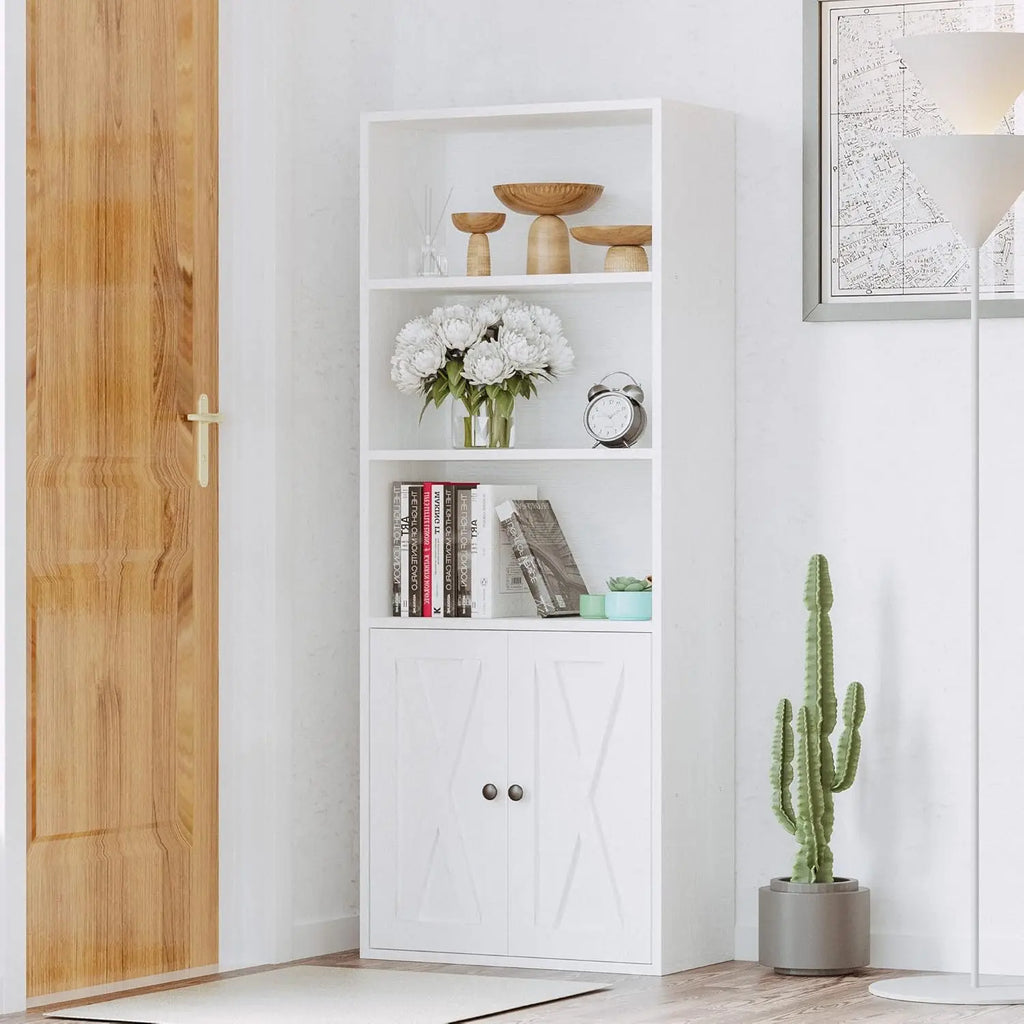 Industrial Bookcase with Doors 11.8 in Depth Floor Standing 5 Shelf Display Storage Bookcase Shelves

---------------

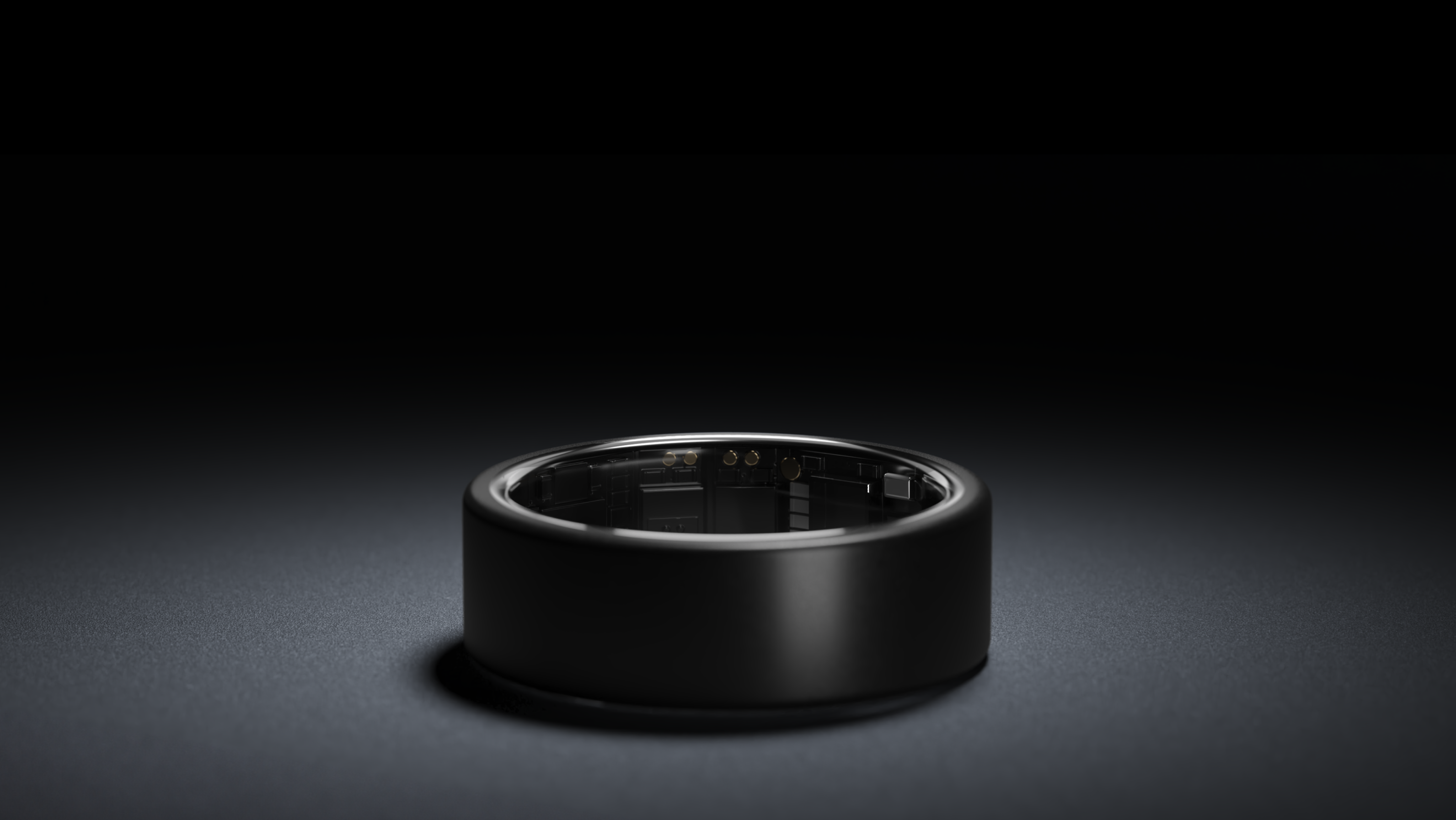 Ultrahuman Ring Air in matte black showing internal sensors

---------------

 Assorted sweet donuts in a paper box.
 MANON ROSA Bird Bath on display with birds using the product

---------------

Wherever the line holding "Assorted sweet donuts in a paper box." falls in the entries above, copy exactly from it through the line holding "MANON ROSA Bird", inclusive, and add nothing.

 Assorted sweet donuts in a paper box.
 MANON ROSA Bird Bath on display with birds using the product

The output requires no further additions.